◆ What the task asks:
Repeat exactly the line with "Kukka Rect —" and each line after it to the end of the data below; pictures stay out.

◆ Recorded information:
▼▼▼

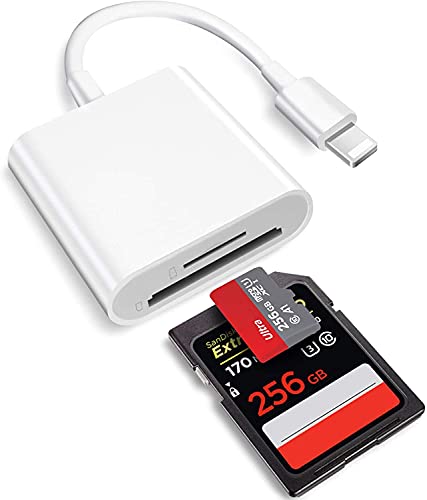 2-in-1 Lightning auf SD Kartenleser für iPhone, [Apple MFi zertifiziert] Dual Slot Micro SD TF Speicherkartenleser Adapter, Trail Game Kamera SD Card Viewer, Videos, Plug and Play von Belcompany
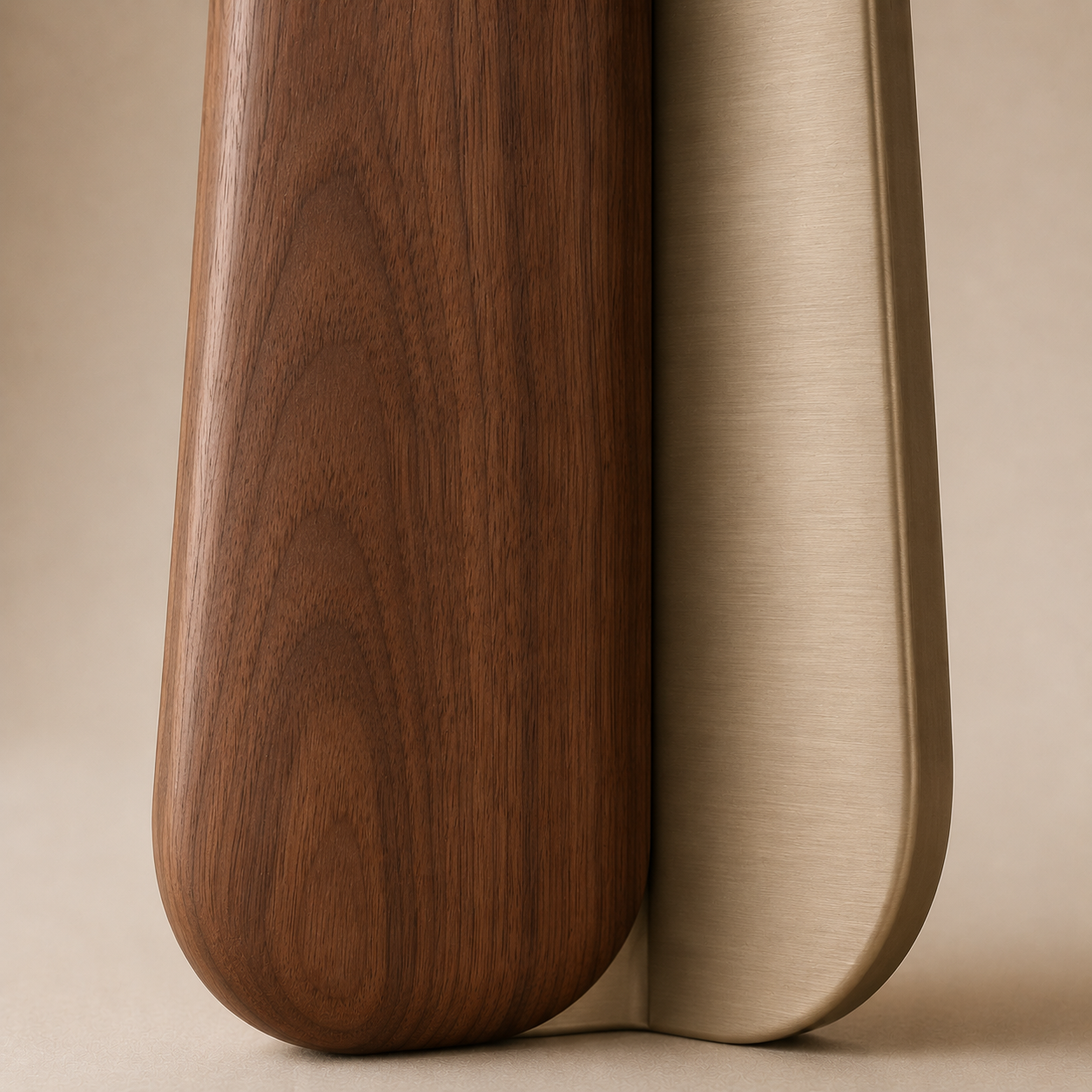 Kukka Rect — Solid Walnut & Bicolor Trefoil Leg Dining Table
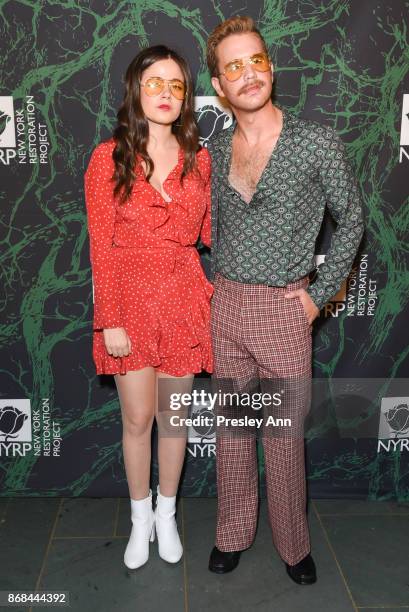 Molly Gordon and Ben Platt attend Bette Midler's 2017 Hulaween Event Benefiting The New York Restoration Project at Cathedral of St. John the Divine...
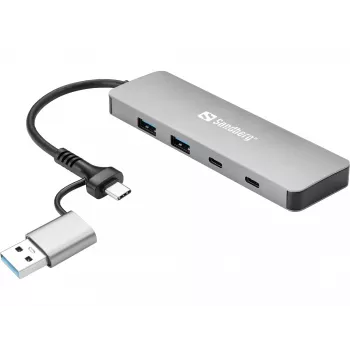 Sandberg USB-C/A naar 2xUSB-A+2xUSB-C hub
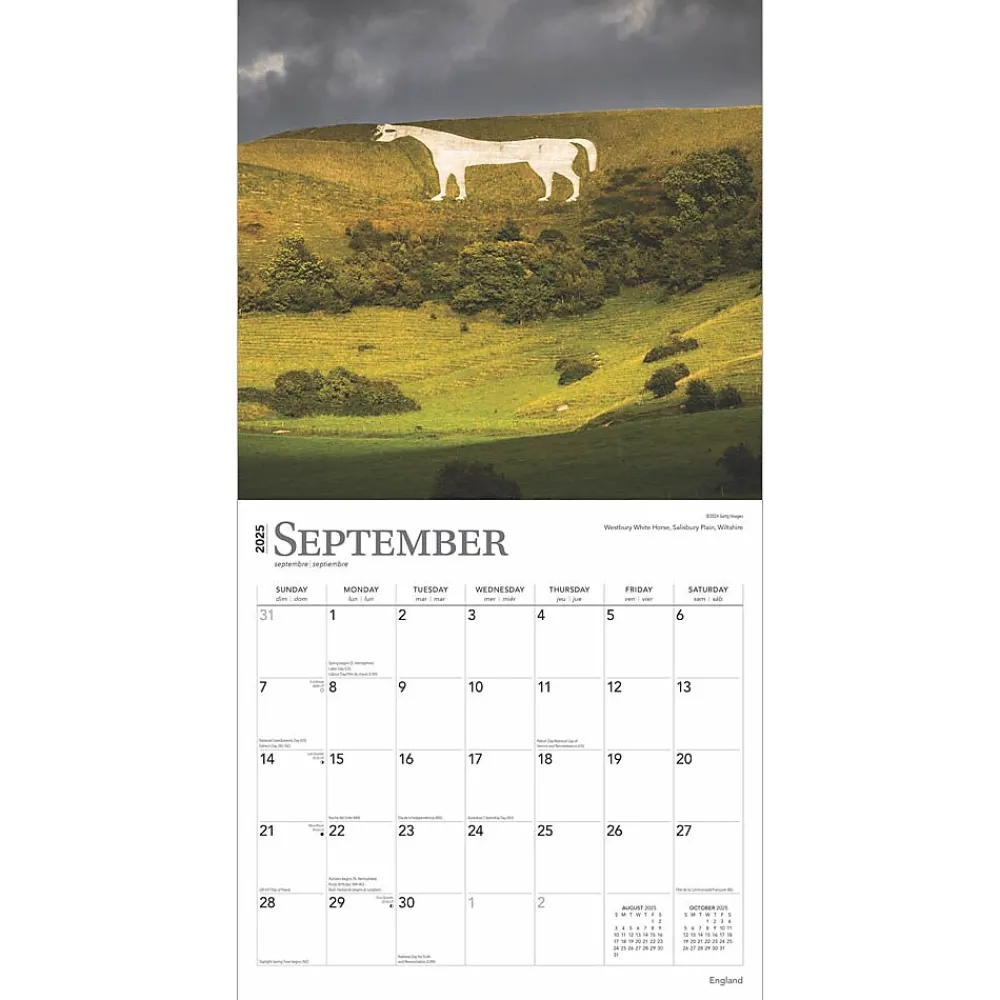 2025 Calendars|BrownTrout 2025 England 12" x 12" Monthly Square Wall Calendar (9781975476953)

▲▲▲

◆ Output below:
 Kukka Rect — Solid Walnut & Bicolor Trefoil Leg Dining Table
 Molly Gordon and Ben Platt attend Bette Midler's 2017 Hulaween Event Benefiting The New York Restoration Project at Cathedral of St. John the Divine...
 Sandberg USB-C/A naar 2xUSB-A+2xUSB-C hub
 2025 Calendars|BrownTrout 2025 England 12" x 12" Monthly Square Wall Calendar (9781975476953)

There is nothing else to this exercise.